Earnings, Housing Implications On Consumers, Economic Outlook, Commodities & Small-Cap Stocks

By Yaser Anwar, CSC of Equity Investment Ideas

Analysts continue to rein-in earnings expectations after an impressive three year run of positive revisions. The decrease in earnings expectations will continue until signs emerge that global economic momentum is set improve.


Further weakness is likely as a cooling US economy weighs on global growth. The offset for global stocks is that fund managers are already very bearish on both US economic growth and earnings prospects over the next 12-months, as gauged by the latest Merrill Lynch fund manager survey.


The Chinese government is determined to cool its hot economy and the pace of U.S. growth is already slackening. Thus, economic sensitive industrial commodities are at risk, even though the longer-term backdrop remains supportive. Meanwhile, current high geopolitical tensions mean that the risk premium embedded in oil prices will stay elevated.


From a technical perspective, oil and gas stocks are oversold relative to their metals counterparts and, thus, have some upside. The ratio of oil relative to base metals commodity prices is low. Hence, the backdrop is positive for oil and gas stocks in comparison with industrial metals equities.


Accordingly, a weaker growth environment appears to have already been partially discounted. Hence investors should expect directional uncertainty in equities until yearend based on Q3 earnings results before prospects improve next year.


The Fed's rationale for pausing is that much of the recent pickup reflects gains in the rent component. Outside of rents, core consumer price inflation remains fairly well contained. Moreover, the labor market remains calm and most wage cost measures are benign. Whether the consumer inflation expectations recede as the economy slows and house price inflation turns negative remains to be seen.

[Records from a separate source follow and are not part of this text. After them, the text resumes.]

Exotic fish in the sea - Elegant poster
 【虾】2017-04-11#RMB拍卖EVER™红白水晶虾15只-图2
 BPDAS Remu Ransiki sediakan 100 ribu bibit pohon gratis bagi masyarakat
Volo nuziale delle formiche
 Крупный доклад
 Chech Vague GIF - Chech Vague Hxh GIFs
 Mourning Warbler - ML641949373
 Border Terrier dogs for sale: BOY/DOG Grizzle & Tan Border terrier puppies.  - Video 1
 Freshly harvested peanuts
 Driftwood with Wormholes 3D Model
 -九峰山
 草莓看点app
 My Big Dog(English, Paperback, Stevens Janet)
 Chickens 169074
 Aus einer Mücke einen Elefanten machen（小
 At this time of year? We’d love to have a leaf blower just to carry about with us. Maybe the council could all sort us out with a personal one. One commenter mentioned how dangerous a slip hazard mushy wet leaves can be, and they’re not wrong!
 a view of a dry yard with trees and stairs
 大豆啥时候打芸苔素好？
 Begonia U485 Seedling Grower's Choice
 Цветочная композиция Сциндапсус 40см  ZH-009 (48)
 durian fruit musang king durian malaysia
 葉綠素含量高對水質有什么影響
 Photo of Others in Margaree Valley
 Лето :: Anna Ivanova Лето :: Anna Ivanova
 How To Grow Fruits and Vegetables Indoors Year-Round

Home sales growth continues to contract on an annual basis, while inventories of both new and existing houses have surged in the past year. Housing affordability remains at decade lows, suggesting that housing weakness will persist.


This is a major risk for the consumer sector- housing equity withdrawal had been a massive support to consumer spending in recent years, but with little house price gains in the pipeline, equity withdrawal is drying up. Bottom line: consumers are losing an important source of funds and further weakness in consumption is in the pipeline.


Economic conditions are only partly in place for a Fed pause, based on past cycles. Nonetheless, policymakers are fearful of going too far. Even if the Fed signals a stop this week and bond yields stabilize, the interest burden for US consumers will continue to rise sharply as ARMs and other short-term loans are rolled over at higher interest rates.


The total rise in the interest burden will be much larger than occurred during the 1990s soft landing and could approach levels that preceded the 1990 recession. A recission may not be in the cards now but there will be growing headwind for US consumers.


Small cap stocks have surged into overshoot territory over the past few years, fueled by a steady diet of easy money and rapid economic growth.


In fact, relative performance has reached an extreme, two standard deviations above its 20-year trend. While markets can stay overbought for a prolonged period, the conditions supporting small cap outperformance have begun to fade: liquidity is draining from the financial system at the same time the main engines of growth are slowing, namely the US consumer and Chinese investment growth.


These forces have helped set in motion an upturn in financial market volatility and act as the catalyst to return to large cap leadership.